Con un consejo asesor, la transformación de las salas de exhibición en laboratorios artísticos y la participación activa del público, Mariana David busca devolver la vocación experimental al Museo Universitario de Ciencias y Artes Roma (MUCA Roma), que dirige desde 2013.
La intención es convertirlo en un centro de producción de conocimiento y no sólo un repositorio de exposiciones, pues su carácter desde su fundación hace 14 años es la de promover el arte joven, experimental y transdisciplinario.
“Si bien hace 14 años era muy distinta la oferta cultural, ahora se ha multiplicado y tenemos más galerías y museos. En este contexto, y con un intento de devolverle el carácter experimental, hemos considerado un cambio metodológico en el que pretendemos funcionar como un generador de contenidos más que un contenedor”, explica David, historiadora de arte.
Si bien el programa de exposiciones se mantendrá, detalla en entrevista con Excélsior que la intención es que éstas no sean el motor del museo; sino una serie de acciones que deriven en proyectos propios cuya exhibición en sala no sea la meta final, y más bien se genere un intercambio con especialistas de otras disciplinas y con el espectador.
A ello responde Anverso, el primer proyecto de esta reestructura que consiste en la ocupación literal de las salas del museo por cinco artistas, como si fueran sus estudios de producción, y que estarán abiertos al público todos los días. Cada jueves de la semana se realizará una actividad especial para hablar del avance del trabajo de cada uno.

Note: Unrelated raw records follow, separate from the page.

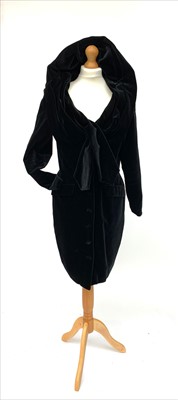 Lot 3031 - A 1980s black velvet long sleeved knee length...
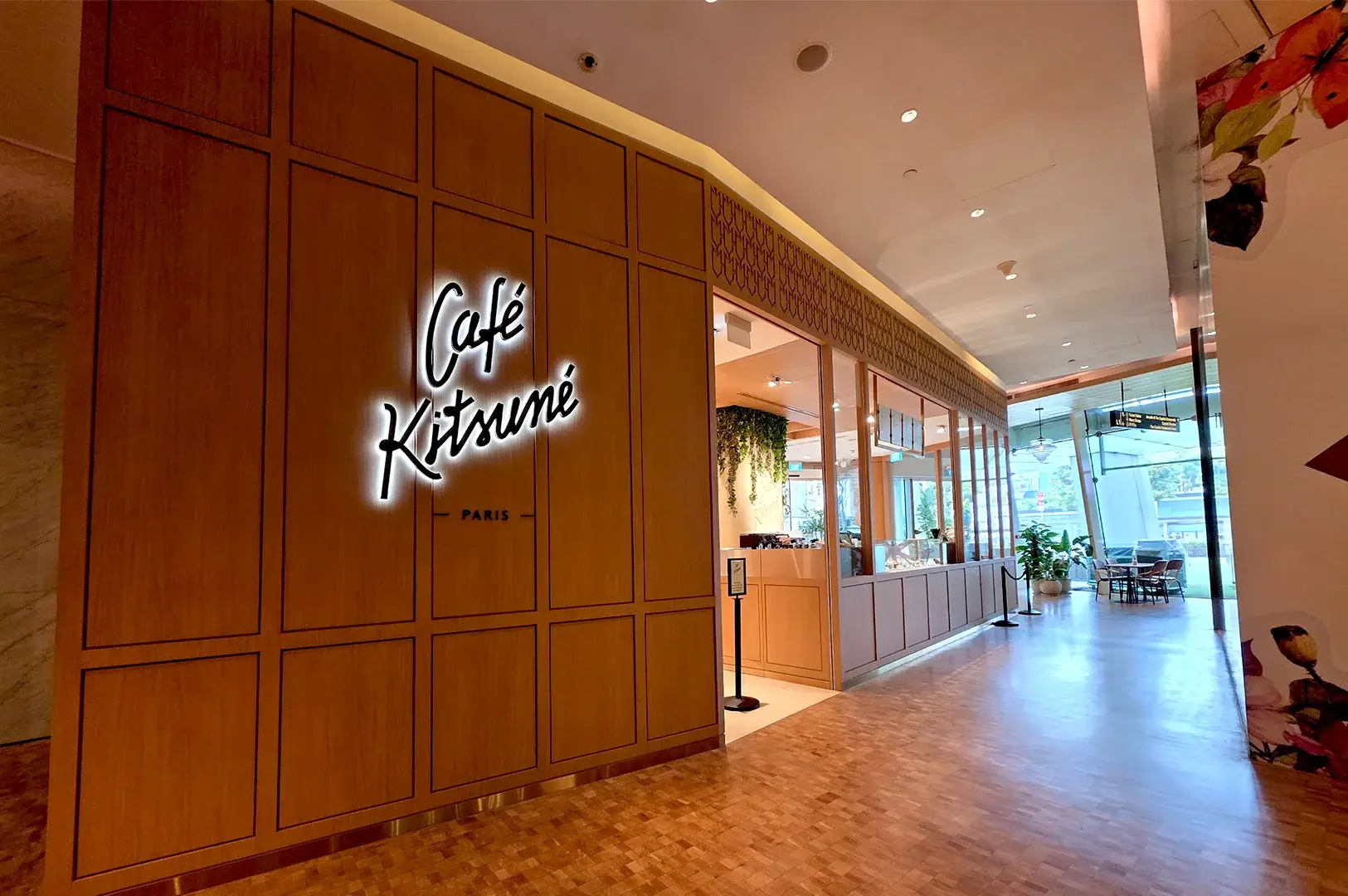 Elegant wooden storefront of Café Kitsuné at Capitol Singapore, featuring its iconic minimalist branding and inviting entrance for coffee lovers in the city center.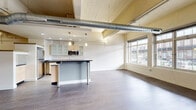 Located at 230 Scott Street in Buffalo, NY, this single-floor loft-style unit showcases an industrial-modern aesthetic with exposed spiral ductwork running along the ceiling and light wood-planked ceiling details that lend a warm, converted-warehouse character. The open-concept living and kitchen area is spacious and airy, with durable hardwood-style flooring throughout and a neutral color palette that enhances the sense of openness.

The kitchen is a standout feature, equipped with stainless steel appliances including a gas range, microwave, and refrigerator. Light maple cabinetry with frosted glass upper panels pairs with dark granite countertops, and a central island with bar seating provides additional prep and dining space. Pendant lighting above the island adds a polished finish.

Large, multi-pane windows along the exterior wall flood the living area with natural light and offer street-level views of the surrounding Buffalo neighborhood. The bedroom area features the same wide-plank flooring and a bold gray accent wall, also benefiting from generous window access.

The bathroom is clean and modern, with a granite-topped vanity, wood-toned cabinetry, and tile flooring. A dedicated utility room houses the furnace and in-unit washer/dryer, providing added convenience. This well-appointed urban unit blends industrial character with contemporary finishes.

En este ejercicio, que se realizará de septiembre a diciembre, participan Antonio Bravo, Néstor Jiménez, Elsa-Louise Manceaux, Javier Villanueva y Pamela Zeferino, quienes son asesorados por Carlos Amorales, Gustavo Artigas y Magnolia de la Garza. “Hemos detectado que para una cierta generación de artistas consolidados en la escena internacional y nacional hay un interés por tender un puente hacia las nuevas generaciones de manera bilateral, y a la vez han surgido diferentes modelos pedagógicos. Estos cinco artistas trabajan desde hace tiempo con Carlos Amorales y Gustavo Artigas, se reúnen una vez por semana a discutir sobre sus trabajos, y los invitamos a ocupar el museo para esta discusión”.
No hay un curador o museógrafo que determine el curso del proyecto, y más bien son los mismos artistas quienes decidirán el desarrollo de su trabajo a partir de la experiencia de cada semana con el público; incluso los temas que aborda cada uno carecen de un eje curatorial y así hay quien trabaja sobre arquitectura y otros sobre historia del arte.
“El formato expositivo es el más común en un museo y, aunque se generen charlas y actividades paralelas, el núcleo es una exposición, pero eso hace que el museo sea un contenedor, y no un generador. A mí me interesa que sea más un generador y por eso quitamos la figura del curador y creamos el consejo de tres miembros.